_The input_.

******

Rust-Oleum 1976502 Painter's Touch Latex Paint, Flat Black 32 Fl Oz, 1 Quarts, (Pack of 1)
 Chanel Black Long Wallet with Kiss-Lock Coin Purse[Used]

******

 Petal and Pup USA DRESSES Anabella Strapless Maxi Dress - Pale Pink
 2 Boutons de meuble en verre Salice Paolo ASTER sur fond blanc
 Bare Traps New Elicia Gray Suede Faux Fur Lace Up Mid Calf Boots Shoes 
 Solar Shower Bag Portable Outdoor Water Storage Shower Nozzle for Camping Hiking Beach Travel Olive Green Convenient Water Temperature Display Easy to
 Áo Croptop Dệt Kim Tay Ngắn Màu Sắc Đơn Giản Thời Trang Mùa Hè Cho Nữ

******

_Task to complete_.
Out of the data above, give again only the lines starting at the one holding "2 Boutons de" and ending at the one holding "Áo Croptop Dệt", unchanged.

_Answer below_.
 2 Boutons de meuble en verre Salice Paolo ASTER sur fond blanc
 Bare Traps New Elicia Gray Suede Faux Fur Lace Up Mid Calf Boots Shoes 
 Solar Shower Bag Portable Outdoor Water Storage Shower Nozzle for Camping Hiking Beach Travel Olive Green Convenient Water Temperature Display Easy to
 Áo Croptop Dệt Kim Tay Ngắn Màu Sắc Đơn Giản Thời Trang Mùa Hè Cho Nữ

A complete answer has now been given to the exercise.